Our ward just got some new elders, so we both combined our efforts and set up an FHE with them this past Monday. We played some games and got to know each other, and at the end we were all talking. We started going around talking about the best day we'd ever had. Of my top 10 best days ever, probably at least 7 of them have been on my mission. My birthday this year is one of them. As it was almost my turn, I was thinking about why it was my favourite. We'd gone about our normal day. We'd taught a lesson to one of my favourite people of all time, we'd done some service, had dinner with a member family, done our normal studying, etc. No one really knew it was my birthday, but for some reason I still thought it was special. I think the best days in my life have been those that are associated with the Spirit. I think it's amplified the happy times by 3543574364. But I thought about that throughout the week. My happy moments have always been in connection with the Spirit. God's hand is constantly in our lives whether we want it to be or not, whether we believe in Him or not. As I listened to everyone else tell about their best days, they all had to do with family, loved ones, God, etc. I think that was evidence to me of the reality of God. I don't know how to describe my thought process through this, but I just kept thinking, "These are people from all different backgrounds and beliefs. If the things that make us all happy are universally the same, they must be good and true." I know God is real. He is woven into everything we do. I know it.
Atonement: Sister C and I have decided to be obsessed with the Atonement. We've been studying it and talking about it and want a greater understanding of it. When we decided to do it, I was thinking, "I know loads about it. I'm not sure what else I could possibly understand." I'm surprised I wasn't struck down right there, but I'll just say I was dreadfully wrong. I studied it loads at the beginning of my mission because of a promise in Preach My Gospel that says, "As your understanding of the Atonement increases, so will your desire to share the gospel." Well, this is a magic promise because it simply works.
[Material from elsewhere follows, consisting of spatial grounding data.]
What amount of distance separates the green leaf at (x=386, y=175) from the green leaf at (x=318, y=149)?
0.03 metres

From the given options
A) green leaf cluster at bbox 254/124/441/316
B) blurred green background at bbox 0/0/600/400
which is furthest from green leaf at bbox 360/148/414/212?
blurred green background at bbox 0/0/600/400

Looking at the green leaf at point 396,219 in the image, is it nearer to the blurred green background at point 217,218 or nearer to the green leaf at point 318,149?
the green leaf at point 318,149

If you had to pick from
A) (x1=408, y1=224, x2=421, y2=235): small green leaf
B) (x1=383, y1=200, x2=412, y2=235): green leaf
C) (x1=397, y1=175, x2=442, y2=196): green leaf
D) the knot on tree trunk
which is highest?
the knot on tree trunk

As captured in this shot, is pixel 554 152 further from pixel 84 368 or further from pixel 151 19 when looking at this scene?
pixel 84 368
It never ceases to amaze me.
I'm getting frustrated now because I feel like all the things I want to say I can't because I don't know how to put them into words. But let's just say I'm happy. So so happy. My life as a missionary is far from perfect, but I'm loving the growth. I've found one truth on my mission that has meant a lot to me: Heavenly Father is much more interested in my growth than my comfort. I'm grateful for that.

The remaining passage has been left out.